Insurance Premium Tax

Accounting for Insurance Premium Tax: The special accounting scheme: Withdrawals or expulsions from the scheme

Withdrawal

Regulation 26 deals with the situation where an insurer withdraws from the special accounting scheme. They may voluntarily withdraw from the scheme, subject to the restrictions set out below.

This regulation allows an insurer to write to us, stating that the scheme shall not apply to them as regards accounting periods beginning on or after a future date specified in that notification.

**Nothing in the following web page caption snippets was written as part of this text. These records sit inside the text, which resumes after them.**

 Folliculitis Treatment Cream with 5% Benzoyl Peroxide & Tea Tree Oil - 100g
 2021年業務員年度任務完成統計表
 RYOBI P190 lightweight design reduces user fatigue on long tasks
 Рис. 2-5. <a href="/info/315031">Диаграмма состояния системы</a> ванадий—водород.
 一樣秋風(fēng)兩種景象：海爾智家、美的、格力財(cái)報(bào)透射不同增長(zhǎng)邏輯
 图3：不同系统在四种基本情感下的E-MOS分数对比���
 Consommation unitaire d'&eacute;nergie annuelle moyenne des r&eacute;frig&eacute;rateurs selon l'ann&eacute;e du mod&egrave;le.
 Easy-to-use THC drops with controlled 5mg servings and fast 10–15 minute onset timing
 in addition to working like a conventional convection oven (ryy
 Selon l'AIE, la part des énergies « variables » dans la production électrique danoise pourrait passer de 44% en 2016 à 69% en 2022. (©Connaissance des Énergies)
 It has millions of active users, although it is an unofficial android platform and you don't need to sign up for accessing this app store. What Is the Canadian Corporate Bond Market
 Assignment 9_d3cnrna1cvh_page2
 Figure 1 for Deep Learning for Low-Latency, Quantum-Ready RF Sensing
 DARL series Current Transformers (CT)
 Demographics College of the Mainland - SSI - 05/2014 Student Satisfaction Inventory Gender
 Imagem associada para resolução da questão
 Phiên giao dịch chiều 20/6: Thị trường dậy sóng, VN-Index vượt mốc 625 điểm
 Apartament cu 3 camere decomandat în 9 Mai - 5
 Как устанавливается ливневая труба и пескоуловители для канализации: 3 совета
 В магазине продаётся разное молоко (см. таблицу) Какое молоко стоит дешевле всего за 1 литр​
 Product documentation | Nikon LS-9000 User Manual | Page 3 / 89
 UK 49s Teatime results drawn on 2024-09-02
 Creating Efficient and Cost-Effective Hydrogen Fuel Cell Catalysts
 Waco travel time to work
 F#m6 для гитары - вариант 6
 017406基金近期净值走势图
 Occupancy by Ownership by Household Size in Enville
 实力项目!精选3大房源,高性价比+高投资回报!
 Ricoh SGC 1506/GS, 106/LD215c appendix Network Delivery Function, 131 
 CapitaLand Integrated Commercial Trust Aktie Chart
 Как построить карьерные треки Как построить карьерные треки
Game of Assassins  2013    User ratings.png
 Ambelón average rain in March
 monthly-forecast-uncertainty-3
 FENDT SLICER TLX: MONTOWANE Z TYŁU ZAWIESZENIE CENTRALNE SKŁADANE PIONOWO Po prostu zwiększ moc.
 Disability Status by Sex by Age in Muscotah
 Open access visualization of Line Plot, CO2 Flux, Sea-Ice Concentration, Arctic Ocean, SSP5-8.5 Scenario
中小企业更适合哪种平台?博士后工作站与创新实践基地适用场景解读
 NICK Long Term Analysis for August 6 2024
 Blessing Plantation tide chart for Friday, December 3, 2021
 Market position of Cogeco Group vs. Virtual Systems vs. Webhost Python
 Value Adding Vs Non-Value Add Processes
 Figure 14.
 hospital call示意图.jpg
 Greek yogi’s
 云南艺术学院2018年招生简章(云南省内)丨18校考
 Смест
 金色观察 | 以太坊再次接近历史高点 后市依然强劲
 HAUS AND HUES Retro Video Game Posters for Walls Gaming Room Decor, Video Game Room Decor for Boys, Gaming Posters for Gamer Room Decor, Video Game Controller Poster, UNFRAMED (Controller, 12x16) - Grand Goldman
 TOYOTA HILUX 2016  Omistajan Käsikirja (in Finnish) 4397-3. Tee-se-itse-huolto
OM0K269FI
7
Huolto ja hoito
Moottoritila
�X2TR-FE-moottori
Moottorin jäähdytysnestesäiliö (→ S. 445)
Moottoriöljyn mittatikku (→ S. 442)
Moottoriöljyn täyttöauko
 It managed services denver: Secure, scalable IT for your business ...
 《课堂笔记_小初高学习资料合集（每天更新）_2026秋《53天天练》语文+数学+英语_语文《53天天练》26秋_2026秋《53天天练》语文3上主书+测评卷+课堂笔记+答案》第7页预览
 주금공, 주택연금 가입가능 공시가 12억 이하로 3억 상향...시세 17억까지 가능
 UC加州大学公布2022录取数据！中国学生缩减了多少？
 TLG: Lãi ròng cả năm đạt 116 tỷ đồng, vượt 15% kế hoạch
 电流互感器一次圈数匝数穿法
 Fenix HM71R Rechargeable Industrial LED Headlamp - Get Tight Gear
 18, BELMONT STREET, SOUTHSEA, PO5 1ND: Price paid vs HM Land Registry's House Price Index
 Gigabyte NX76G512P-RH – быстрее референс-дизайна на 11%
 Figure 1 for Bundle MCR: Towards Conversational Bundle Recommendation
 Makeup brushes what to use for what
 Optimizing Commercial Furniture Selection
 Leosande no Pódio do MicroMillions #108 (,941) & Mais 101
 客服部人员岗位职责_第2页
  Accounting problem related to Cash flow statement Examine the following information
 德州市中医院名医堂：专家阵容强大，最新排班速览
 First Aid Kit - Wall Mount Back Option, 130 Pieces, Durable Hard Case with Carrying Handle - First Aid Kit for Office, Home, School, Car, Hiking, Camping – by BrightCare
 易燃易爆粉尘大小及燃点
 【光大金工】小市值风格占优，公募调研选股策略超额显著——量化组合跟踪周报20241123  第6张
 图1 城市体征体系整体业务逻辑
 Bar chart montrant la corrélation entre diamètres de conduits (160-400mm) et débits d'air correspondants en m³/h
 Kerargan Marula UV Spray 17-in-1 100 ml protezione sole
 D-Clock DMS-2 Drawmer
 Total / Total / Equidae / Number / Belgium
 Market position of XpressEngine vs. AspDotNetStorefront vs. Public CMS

Regulation 26(2) sets out where the scheme will continue to apply to an insurer:

…unless and until-

(a) he has made all the returns which he was required to make;

(b) he has paid all the tax which was payable in respect of the accounting periods for which he was required to make those returns; and

(c) the scheme has applied as regards such number of relevant accounting periods as is required in order for the scheme to have applied to him for a period of not less than twelve consecutive months beginning with the first day of the initial period;…

Expulsion

An insurer may only be expelled from the scheme in the circumstances set out in Regulation 27(1). Any situation in which you consider such steps to be necessary should be referred to the Financial Services Team since we envisage that this power will be used only in exceptional circumstances. These circumstances include instances where insurers deliberately delay the creation of the tax point under the special accounting scheme:

In any case where the Commissioners consider it necessary for the protection of the revenue, including (but not restricted to) a case where the revenue is prejudiced by reason of the premium written date in relation to premiums falling in accounting periods later than those in which falls the date of receipt, they may give notice to an insurer who has made the notification under regulation 21(1) that the scheme is not to apply to him; and the scheme shall accordingly not apply or cease to apply, as the case may be.

Regulation 27(2) describes how an expulsion becomes effective. It says:

Where a notice is given under paragraph 1 above [Regulation 27(1)] before the last day of the initial period, the scheme shall not apply to any of the accounting periods of the insurer.

Regulation 27(3) supplements 27(2), and says:

Where a notice is given under paragraph 1 above [Regulation 27(1)] on or after the last day of the initial period, the notice shall specify the accounting period of the insurer with effect from which the scheme is not to apply to him, being an accounting period the last day of which falls after the date the notice is given.

These provisions mean that if an insurer is expelled from the scheme during the first period in which the scheme applies to them, they will be treated as if the scheme had not applied to them at all. The insurer will be required to account for the tax due on all premiums received during that period. (Put simply, the insurer must use the cash receipt method.) If an insurer is expelled on or after the last day of the first period in which the scheme applies to them, the expulsion is effective from the start of a later period (most likely to be the next tax period) provided that “the last day (of that later period) falls after the date the notice is given”.